Ramos Acevedo ha escrito como novelas con nombres ficticios aquellos viejos sucesos en un estilo ameno, simpático, bien redactado y hasta poético, despertando el interés absorbente por la ficción, en relatos tendidos que sí son reales. Es el novelista con su carga a veces sobrecogedora, en medio de frases a las que no escapa el manejo de un idioma atrayente, que despierta la agónica expectativa del lector.
“Desde ese día aciago, -escribe en un párrafo- las gentes de San Bartolomé de Tuluá han vuelto a comprender que no pueden apartar de los recuerdos aquellas largas horas de pesadumbre que han tenido que vivir. Esas vicisitudes no se podían dejar al vaivén del olvido; además, estaban empecinados en acabar para siempre con esa lucha fratricida, puesto que sus ideales de paz, solidaridad y fraternidad, eran lemas impostergables. Además, habían tenido que enfrentarse a un destino estereotipado de innumerables cruces sin nombre, clavadas en el Cementerio Central, como testimonio de sus desgracias”.
Es la caída de Rojas Pinilla y la tragedia de una juventud en lucha por la libertad.
La segunda obra, de reciente salida y aun caliente en las librerías, es la que denominó con gracia romántica ‘El antifaz del escribano’, en que hace un recorrido amplio y documentado sobre lo que fueron las luchas estudiantiles y sociales de los años sesenta, borrascosas y duras, que igualmente desataron una lucha generacional que se extendió al campo de la literatura.
En ellas se proyecta un personaje llamado Gustavo Altamira Garmendia que se vuelve literato y escritor, y cuya vida novelesca se remonta a los idílicos amores de sus padres, don Evergildo Altamira Restrepo y doña María Garmendia Cruz, el primero proveniente de aquella Antioquia saltarina y quien, a golpes de trabajo, consiguió una fortuna dentro de la cual estaba una hacienda a orillas del Cauca, llamada El Force.

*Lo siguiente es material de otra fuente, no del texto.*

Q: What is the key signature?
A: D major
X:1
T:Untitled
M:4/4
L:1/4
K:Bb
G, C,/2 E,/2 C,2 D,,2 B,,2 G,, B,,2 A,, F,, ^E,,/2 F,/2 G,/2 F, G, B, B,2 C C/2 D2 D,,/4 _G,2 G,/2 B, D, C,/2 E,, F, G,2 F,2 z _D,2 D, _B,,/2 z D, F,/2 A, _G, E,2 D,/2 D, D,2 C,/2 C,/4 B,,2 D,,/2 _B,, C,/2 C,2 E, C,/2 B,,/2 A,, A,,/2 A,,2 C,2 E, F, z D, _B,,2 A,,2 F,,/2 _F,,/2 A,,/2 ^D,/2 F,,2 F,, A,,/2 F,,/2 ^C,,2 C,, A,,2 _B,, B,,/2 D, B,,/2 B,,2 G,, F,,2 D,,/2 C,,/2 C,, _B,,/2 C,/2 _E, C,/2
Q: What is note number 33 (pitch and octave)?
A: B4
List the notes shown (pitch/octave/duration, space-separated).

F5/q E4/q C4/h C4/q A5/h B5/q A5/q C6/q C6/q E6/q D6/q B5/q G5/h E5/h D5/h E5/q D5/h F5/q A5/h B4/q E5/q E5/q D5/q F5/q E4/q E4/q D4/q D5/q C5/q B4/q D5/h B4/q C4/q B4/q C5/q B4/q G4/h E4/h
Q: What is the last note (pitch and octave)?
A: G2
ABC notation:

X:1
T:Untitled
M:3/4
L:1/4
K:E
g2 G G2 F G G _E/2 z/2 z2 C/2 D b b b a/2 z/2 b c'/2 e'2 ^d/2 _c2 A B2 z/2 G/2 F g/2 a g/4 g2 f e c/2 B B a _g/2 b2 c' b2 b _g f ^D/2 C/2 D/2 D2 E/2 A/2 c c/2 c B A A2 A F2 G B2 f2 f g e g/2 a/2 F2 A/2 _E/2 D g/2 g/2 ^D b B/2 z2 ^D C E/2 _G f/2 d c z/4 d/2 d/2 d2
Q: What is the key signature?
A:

Polémico y levantisco aquel personaje; y contradictor abierto y desafiante, que llegó a escribir ‘El bazar de los idiotas’ y ‘Cóndores no entierran todos los días’. Y muchísimas más. Aun no ha terminado y continúa su parábola polémica e inacabable, aunque hoy todos lo queremos como un símbolo viviente de la rebeldía contestataria que es un surtidor inagotable de ideas y posiciones encontradas. Ese, por supuesto, aunque en la obra sea de mentiras otro personaje, es Gustavo Álvarez Gardeazábal, de pies sobre su propio pedestal. Y vive por cierto en El Force, entre perfumadas orquídeas y una llanura verde y plácida cerca al río.
La obra de Ramos, sin lugar a dudas, es buena, aunque parezca una ficción y tenga por contraseña un antifaz.